In the current case, the above subtypes of DLBCL were excluded from the diagnosis based on clinical history, laboratory examination, histomorphological characteristics, and immunohistochemical results. The current case cannot be classified based on existing criteria, and as it occurred in the central nervous system, is extremely rare. Unclassifiable cases of CD20-negative DLBCL have been reported in foreign literature [17‐19]; however, these unclassifiable cases have unique clinicopathological features. The current case is the first case of CNS, unclassifiable CD20-negative DLBCL.

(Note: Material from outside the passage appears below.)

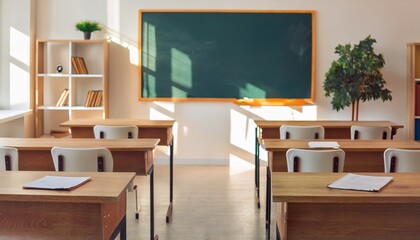 Empty Classroom. Vintage wooden Chairs and Desks, Back to school concept
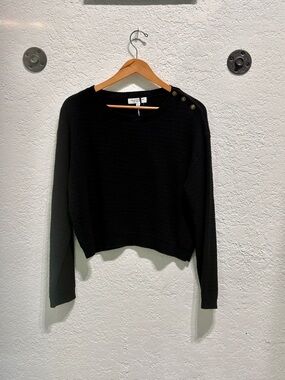 Velvet Heart Black Knit Button-Shoulder Sweater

In terms of treatment, the type of DLBCL has no target for rituximab due to CD20 deletion and is prone to chemotherapy resistance. Currently, a single CHOP regimen is used in clinical chemotherapy; however, the disease progresses rapidly and the prognosis is poor. Some scholars [20] have assessed the ESHAP regimen, high-dose liposomal doxorubicin + cyclophosphamide + vincristine + methylprednisolone chemotherapy, however, the effects were not satisfactory. The NCCN recommends that radiotherapy combined with second-line treatment such as bendamustine, lenalidomide, and other drugs can be tried, however, no reported benefit has been published to date. In the described case, the patient was treated with high-dose methotrexate plus temozolomide; however, the therapeutic effect was negligible and the disease was not well controlled. Taking the observations described in the current case report in combination with other available published treatment plans, it can be concluded that CD20-negative DLBCL is insensitive to a variety of chemotherapy drugs. The lack of sufficient knowledge of CD20-negative DLBCL pathogenesis as well as an effective treatment plan highlights the need for more in-depth mechanistic, clinical CD20-negative DLBCL studies that can be used to gain insights into this disease and improve patient outcomes.

In conclusion, CD20-negative DLBCL is rare and presents significant challenges in both diagnosis and treatment. In terms of diagnosis, clinical history, laboratory examinations, histomorphological characteristics, reliable immunohistochemical results, and more accurate immune marker examination techniques should be combined to robustly improve diagnosis. Additionally, the disease pedigree still needs to be further expanded. In terms of treatment, due to CD20 deletion, it is impossible to benefit from rituximab target therapy, and chemotherapy resistance is common. Novel treatment strategies that are based on a comprehensive understanding of the genetic mechanisms of unclassified DLBCLs are urgently required.